Premières élections de l’ère post-État Islamique, les élections parlementaires irakiennes étaient annoncées comme un tournant qui allait permettre de savoir si les efforts de reconstruction des institutions du pays allaient se poursuivre ou non. Malgré de forts soupçons de fraude, notamment dans la région Kurde, l’étonnant succès du leader chiite Moqtada al-Sadr ayant fait campagne sur le thème de la lutte contre la corruption et le souverainisme semble laisser penser qu’on s’oriente sur cette voie, bien qu’il lui reste à former un gouvernement.

Moqtada al Sadr : « Les Irakiens avant le reste »

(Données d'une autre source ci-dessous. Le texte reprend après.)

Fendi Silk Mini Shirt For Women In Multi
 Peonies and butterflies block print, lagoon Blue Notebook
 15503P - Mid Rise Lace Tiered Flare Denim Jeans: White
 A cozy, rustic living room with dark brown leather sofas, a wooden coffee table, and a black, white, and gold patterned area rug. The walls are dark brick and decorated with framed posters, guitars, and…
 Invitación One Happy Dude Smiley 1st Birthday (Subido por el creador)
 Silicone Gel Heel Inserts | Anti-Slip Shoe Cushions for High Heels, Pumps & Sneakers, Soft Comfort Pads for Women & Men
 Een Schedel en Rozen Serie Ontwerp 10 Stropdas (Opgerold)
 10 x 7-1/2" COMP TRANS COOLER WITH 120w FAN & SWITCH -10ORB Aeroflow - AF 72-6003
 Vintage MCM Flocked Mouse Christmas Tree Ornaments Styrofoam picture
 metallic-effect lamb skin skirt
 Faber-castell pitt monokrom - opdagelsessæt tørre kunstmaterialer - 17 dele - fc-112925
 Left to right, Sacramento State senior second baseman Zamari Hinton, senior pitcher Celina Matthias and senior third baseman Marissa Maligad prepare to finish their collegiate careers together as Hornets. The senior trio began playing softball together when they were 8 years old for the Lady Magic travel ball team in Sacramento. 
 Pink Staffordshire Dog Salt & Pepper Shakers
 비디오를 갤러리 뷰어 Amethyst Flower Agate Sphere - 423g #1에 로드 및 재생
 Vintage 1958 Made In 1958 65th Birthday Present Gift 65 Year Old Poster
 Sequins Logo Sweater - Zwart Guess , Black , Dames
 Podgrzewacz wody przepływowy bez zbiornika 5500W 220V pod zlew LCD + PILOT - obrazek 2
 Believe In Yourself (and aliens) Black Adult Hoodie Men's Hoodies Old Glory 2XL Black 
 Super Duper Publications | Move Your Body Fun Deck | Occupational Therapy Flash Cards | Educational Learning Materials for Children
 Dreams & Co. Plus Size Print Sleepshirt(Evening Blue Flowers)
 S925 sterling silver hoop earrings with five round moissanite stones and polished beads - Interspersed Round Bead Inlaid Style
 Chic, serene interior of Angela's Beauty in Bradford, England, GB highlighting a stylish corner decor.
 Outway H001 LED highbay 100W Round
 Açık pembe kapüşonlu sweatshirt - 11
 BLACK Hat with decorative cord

L’homme de religion et leader politique a profité d’une conjoncture favorable et de la persévérance de son message politique : non à l’ingérence étrangère, oui au renforcement de l’État Irakien. Si le leader n’a finalement pas fait plus de votes que les années précédentes, il a certainement profité de l’éclatement du camp chiite, divisé entre les coalitions proches de l’Iran comme l’Alliance du Fatah (dirigée par Hadi al-Amiri, leader de l’Organisation Badr, très proche des Corps des Gardiens de la Révolution Islamique d’Iran) et la Coalition de l’État de Droit (dirigée par l’ancien Premier ministre Nouri al-Maliki). Le taux très bas de participation (44.52%) s’explique en partie par la lassitude des Irakiens face à la persistance de l’incompétence des politiciens de leur pays, mais également par la dispersion de nombre d’entre eux suite au conflit sanglant qui ont opposé l’armée Irakienne et ses supplétifs aux combattants de l’organisation État Islamique. De son coté, l’actuel Premier ministre, Haider al-Abadi, a tenté de capitaliser sur ses victoires contre l’organisation terroriste, ainsi que sur sa politique  de renforcement des institutions de l’État. Mais il n’a pas su empêcher que des membres de son propre parti (le parti Da’wa) fasse campagne, comme Nouri al-Maliki, son grand rival, ce qui a fortement divisé l’électorat votant traditionnellement pour Da’wa. Al-Abadi termine donc troisième au classement, devancé notamment par la liste de Hadi al-Amiri, principal chef des célèbres Forces de Mobilisation Populaires (Hashd el Shaabi).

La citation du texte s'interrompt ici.